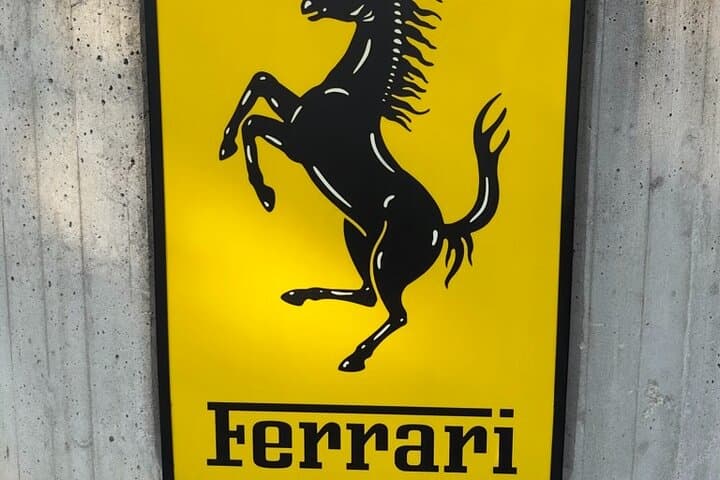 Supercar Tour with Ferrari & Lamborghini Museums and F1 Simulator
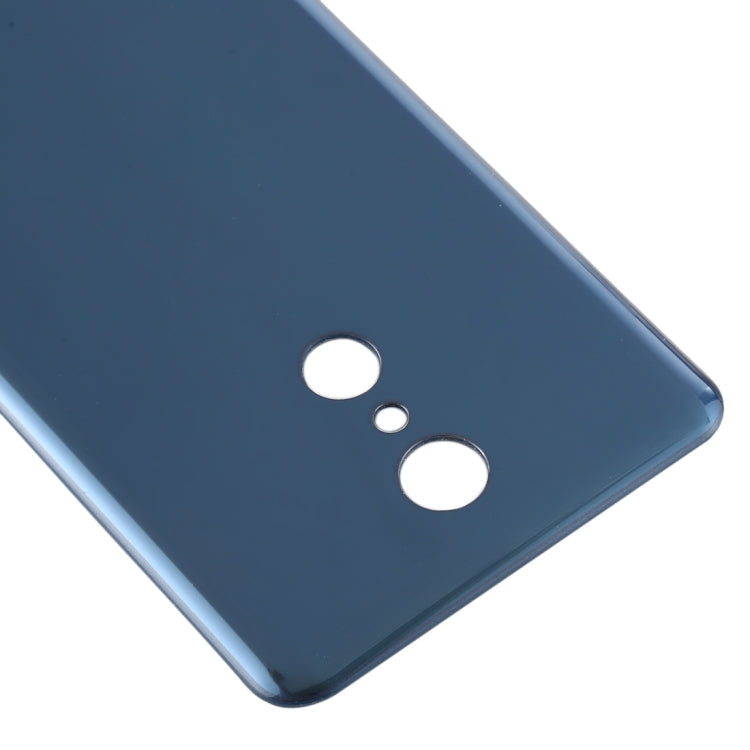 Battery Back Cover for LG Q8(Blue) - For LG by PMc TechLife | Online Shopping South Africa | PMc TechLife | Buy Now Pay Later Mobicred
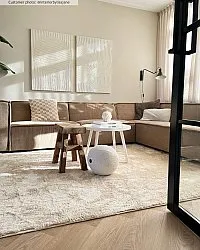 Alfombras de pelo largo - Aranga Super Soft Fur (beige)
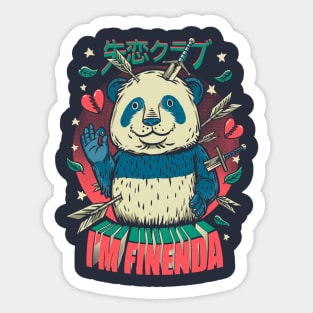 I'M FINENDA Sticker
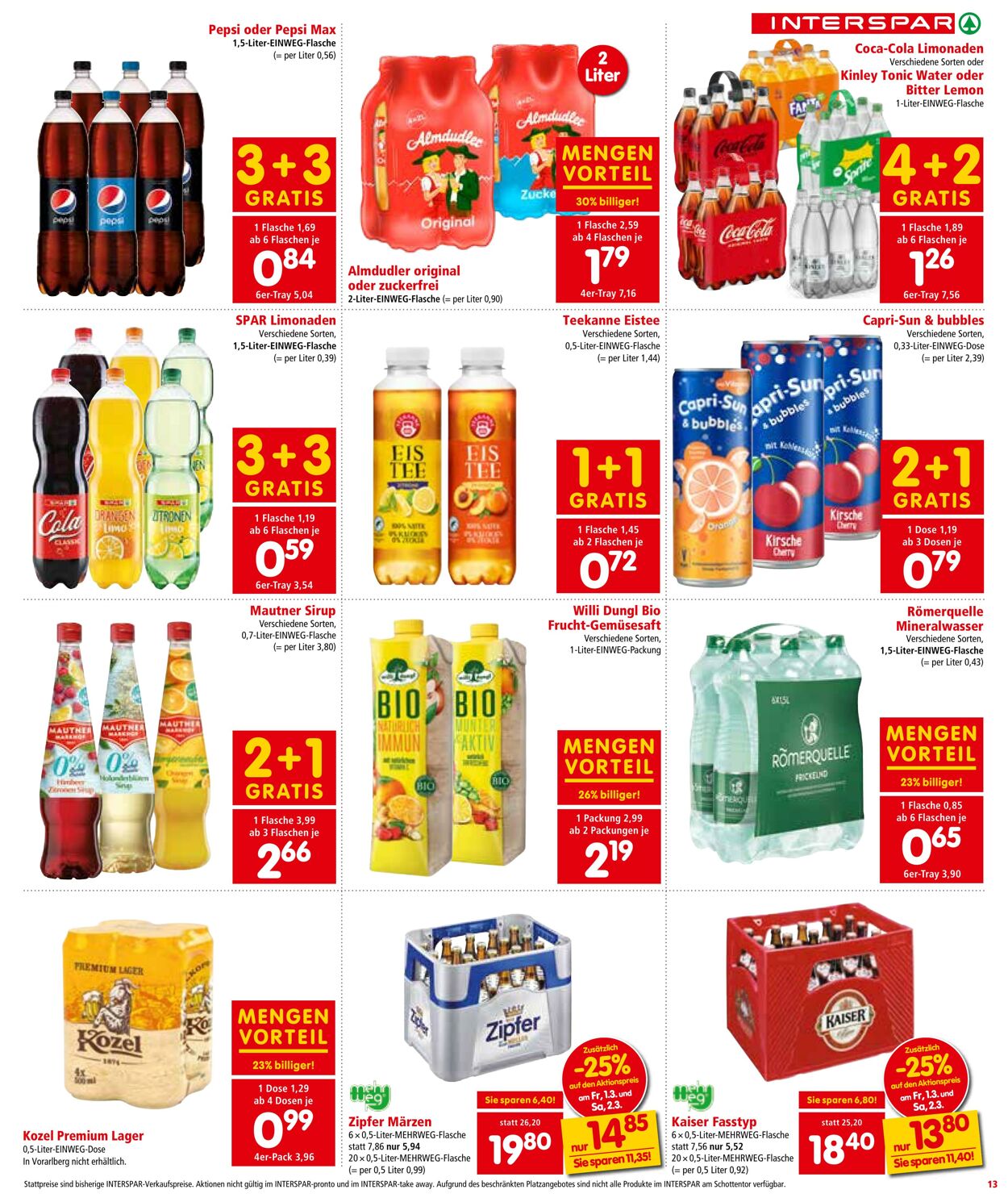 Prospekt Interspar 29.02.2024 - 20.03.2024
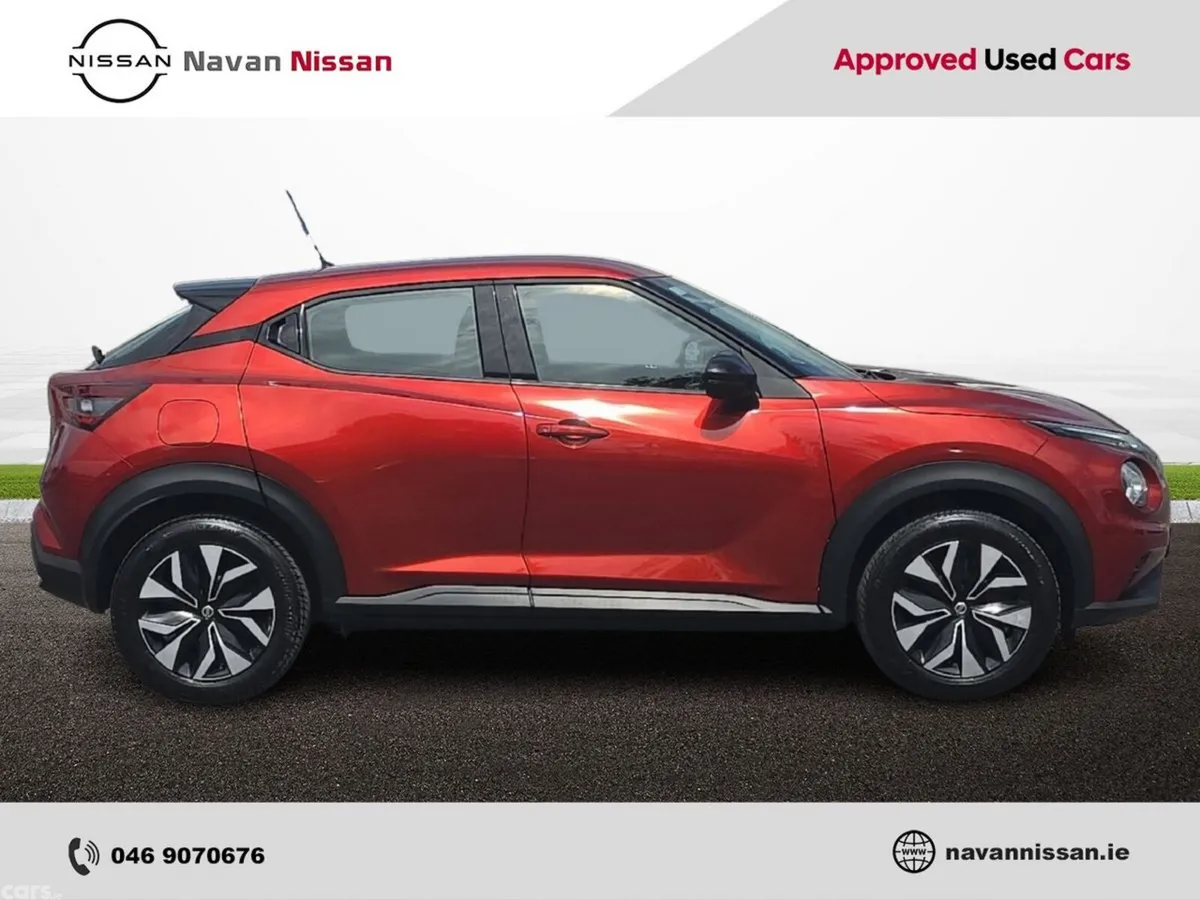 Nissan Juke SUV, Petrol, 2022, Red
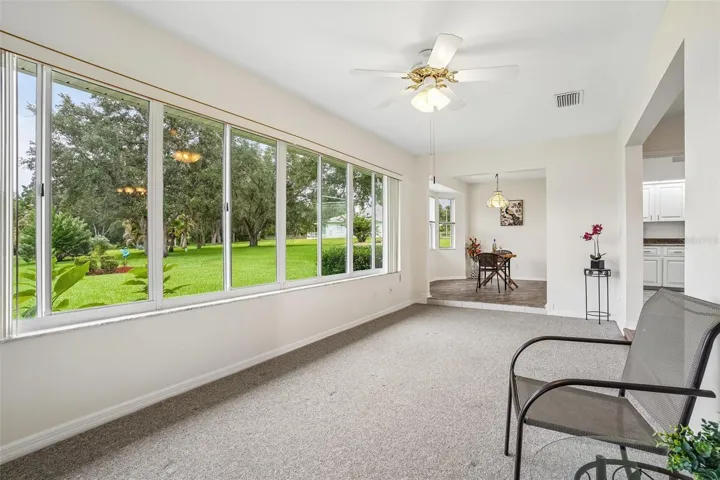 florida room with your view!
==
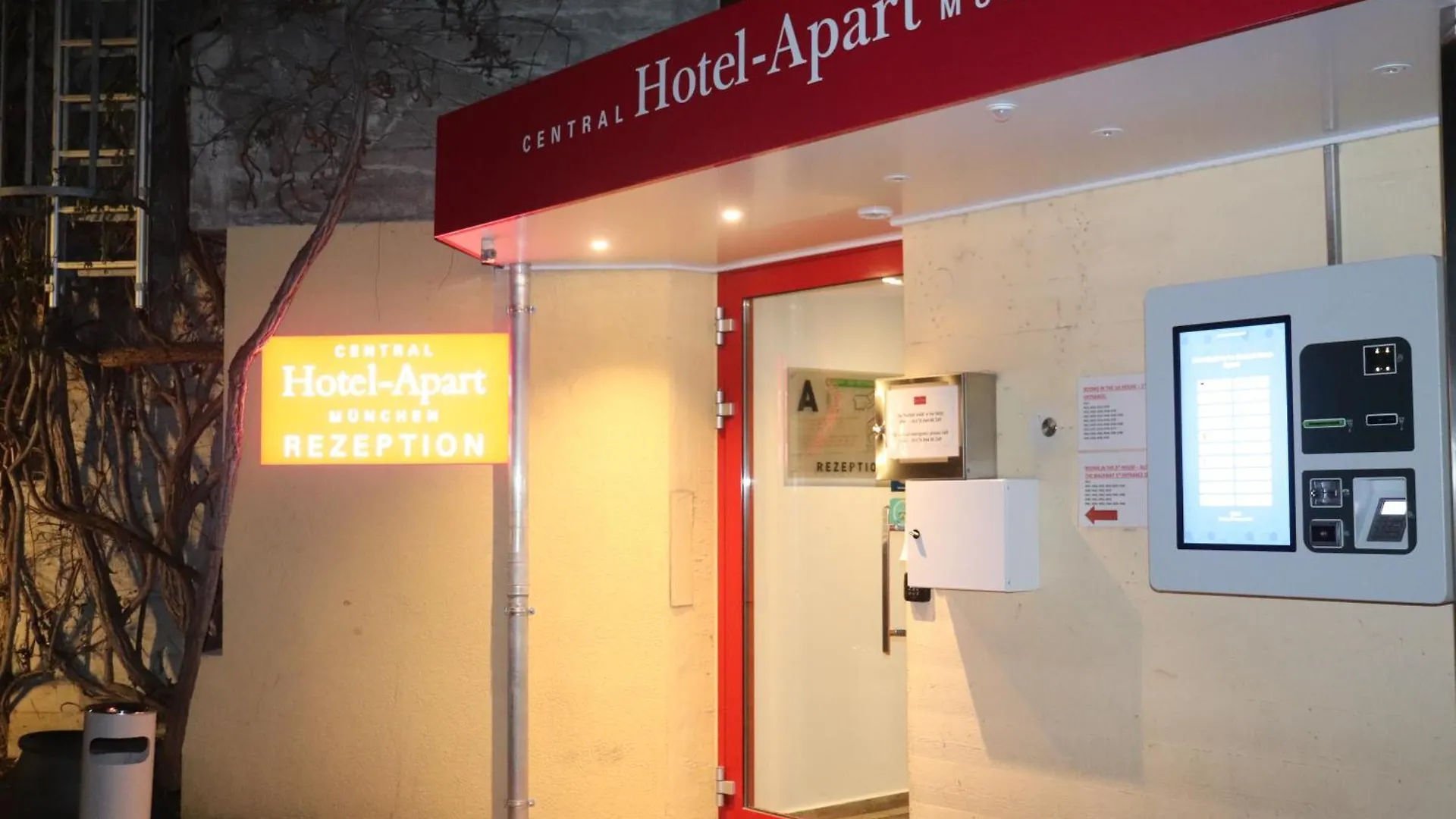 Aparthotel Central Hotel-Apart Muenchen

**EXERCISE DIRECTIONS**
Between and including the line above that contains "Nissan Juke SUV, Petrol, 2022, Red" and the line that contains "florida room with your view!", restate every line word for word. Pictures stay out.

**EXPECTED OUTPUT**
 Nissan Juke SUV, Petrol, 2022, Red
 florida room with your view!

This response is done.